All Corporations Go to Heaven

The Supreme Court will soon decide if CEOs can impose their religious convictions on the people who work for them.

By Dahlia Lithwick|Posted Thursday, Aug. 1, 2013, at 2:32 PM

Remember the big dustup last summer over the contraception mandate in President Obama’s health reform initiative? It required companies with more than 50 employees to provide insurance, including for contraception, as part of their employees’ health care plans. The constitutional question was whether employers with religious objections to providing coverage for birth control could be forced to do so under the new law. The Obama administration tweaked the rules a few times to try to accommodate religious employers, first exempting some religious institutions—churches and ministries were always exempt—and then allowing companies that self-insure to use a separate insurance plan to pay and provide for the contraception. Still, religious employers objected, and lawsuits were filed, all 60 of them.

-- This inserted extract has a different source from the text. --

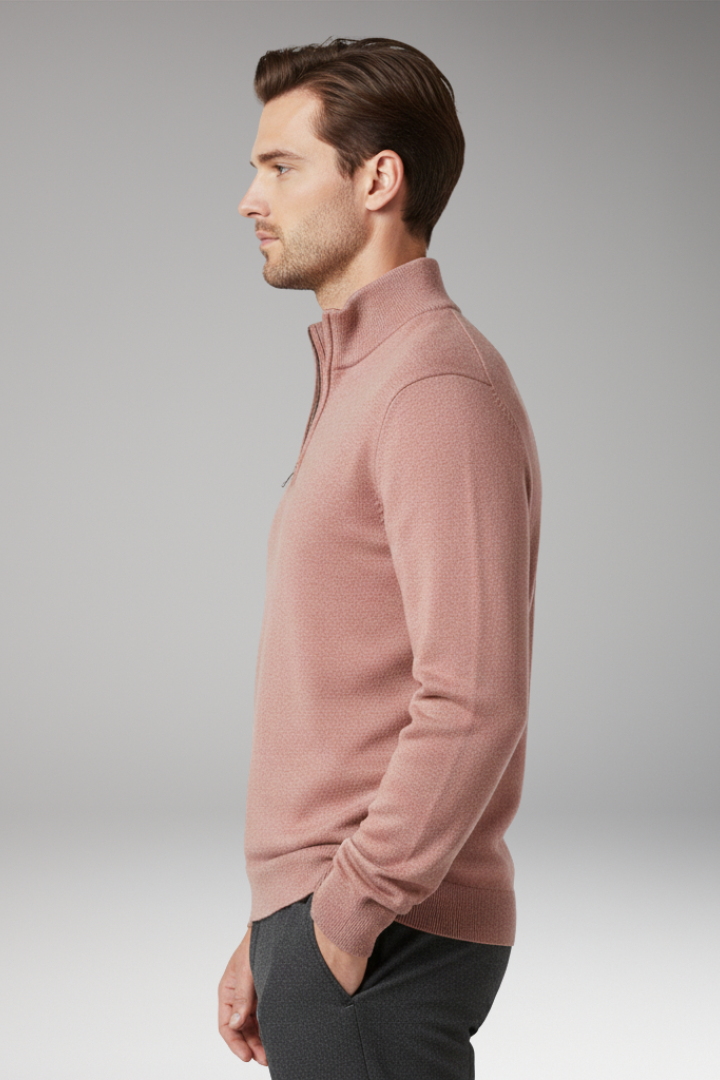 Men's Sweater with Zip Neck and Textured Surface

A year later, the courts have begun to weigh in, and the answer has slowly begun to emerge: maybe yes, maybe no. It all depends on whether corporations—which already enjoy significant free-speech rights—can also invoke religious freedom rights enshrined in the First Amendment.

Last Friday, the 3rd U.S. Circuit Court of Appeals upheld the contraception mandate, rejecting a challenge from a Pennsylvania-based cabinetmaker who claimed that as a Mennonite he should not be compelled to provide contraceptive coverage to his 950 employees because the mandate violates the company’s rights under the free exercise clause of the First Amendment and the Religious Freedom Restoration Act. The owner considers some of the contraception methods at issue—specifically, the morning-after and week-after pills—abortifacients.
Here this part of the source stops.